Tesla, Inc. [NASDAQ:TSLA] has remained in the bullish zone since it found support at $231 ending a bearish zone that had dominated the market for over a week following the rejection at $275. The stock has a bullish community rating this week, besides TSLA is in the green trending high 2.23%. The stock has a relative positive change of 5.24 while changing hands at $240.38. Moreover, the NLS volume stands at $8,159,069 at the time of writing. (NASDAQ:TSLA) closed the previous session at $235.14 while it has hit highs of $253.9631 today and touched lows of $232.17 in addition to a 52-week high of $387.46 and a low in the same period of $231.13.
After-hours trading for Tesla, Inc. saw the market dip by 0.45% with a relative change of -1.09 to trade at $240.38. The afterhours share volume at 19:59:52 (ET) closed at 45 with the most active after-hour trading taking place at 19:58:41 with the share volume hitting 45.
Elon Musk, the CEO of Tesla recently settled in court with the Securities and Exchange Commission (SEC) regarding the things that he can put on his Twitter account. The new deal has included specific topics that Musk must seek approval before sharing on social media in order to ensure that the interests of shareholders are protected. Some of these topics according to an expert lawyer in securities range from details of Tesla’s financial condition, all the potential or proposed mergers, for instance go private production sales, delivery numbers and public legal or regulatory findings among others.
In other news, Tesla is reportedly considering seeking additional funding in the wake of the CEO’s agreement with the SEC. Shares of the electric car company went up following the agreement, however, Tesla in its first quarter filing with the SEC said that it might need to seek alternative funding for the company’s growth. However, Tesla made it clear that the revenue generated from the business is enough to support investments as well as pay debts in the next twelve months.
The players at Wall Street have been scavenging for details of the funding, besides Musk said last week that “It’s probably about the right time” to raise capital. Musk made the comment after the electric car manufacturing firm posted a $700 million loss in the Q1 of 2019 alone.
In the past Tesla has been able to fund its investments and growth in various rounds of equity sales, issued convertible notes, it even raised $1.8 billion in Junk bond sale, Tesla also securitizes its vehicle leases in addition to solar asset-backed notes. According to David Whitston, an analyst at Moringstar:
“It’s all speculation but beyond the bond and equity markets Tesla could do a direct cash investment from an investor like a big private equity firm or a firm like SoftBank. Although, it is likely that Tesla will issue equity.
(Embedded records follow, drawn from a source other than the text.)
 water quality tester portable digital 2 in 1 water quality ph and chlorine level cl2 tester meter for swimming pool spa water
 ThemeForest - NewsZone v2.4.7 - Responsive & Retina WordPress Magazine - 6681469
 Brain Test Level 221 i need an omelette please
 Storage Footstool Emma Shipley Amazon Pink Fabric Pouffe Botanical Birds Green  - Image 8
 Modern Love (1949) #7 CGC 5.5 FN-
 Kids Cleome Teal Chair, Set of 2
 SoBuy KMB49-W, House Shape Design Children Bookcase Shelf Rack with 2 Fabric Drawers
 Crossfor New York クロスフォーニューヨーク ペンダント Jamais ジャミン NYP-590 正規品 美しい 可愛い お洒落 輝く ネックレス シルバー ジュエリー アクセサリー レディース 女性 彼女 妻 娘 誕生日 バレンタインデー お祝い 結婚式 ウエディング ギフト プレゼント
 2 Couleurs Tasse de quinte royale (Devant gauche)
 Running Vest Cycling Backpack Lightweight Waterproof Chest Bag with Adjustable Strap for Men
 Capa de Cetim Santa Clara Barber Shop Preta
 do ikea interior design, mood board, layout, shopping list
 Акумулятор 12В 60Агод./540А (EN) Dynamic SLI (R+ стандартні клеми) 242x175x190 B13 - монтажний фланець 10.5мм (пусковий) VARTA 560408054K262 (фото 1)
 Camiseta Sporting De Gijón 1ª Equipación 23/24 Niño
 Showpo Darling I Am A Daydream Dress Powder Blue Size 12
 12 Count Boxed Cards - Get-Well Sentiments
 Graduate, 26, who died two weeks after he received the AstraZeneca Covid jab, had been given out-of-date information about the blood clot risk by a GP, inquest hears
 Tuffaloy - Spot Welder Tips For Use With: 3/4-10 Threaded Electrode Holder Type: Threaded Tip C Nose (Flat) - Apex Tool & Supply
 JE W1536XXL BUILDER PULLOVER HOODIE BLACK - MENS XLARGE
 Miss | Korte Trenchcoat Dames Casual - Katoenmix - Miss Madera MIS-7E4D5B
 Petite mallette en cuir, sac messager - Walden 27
Whitston continued “the share count is so small relative to big automakers and the cash raise would ease any investor anxiety that the market probably would not severely punish the dilution, if at all”.
Tesla is also projecting that its capital expenditure will go up significantly in the next three years starting from this year where the capital will grow from $2 billion to $2.5 billion and progressively increase from $2.5 billion to $3 billion in the next couple of years.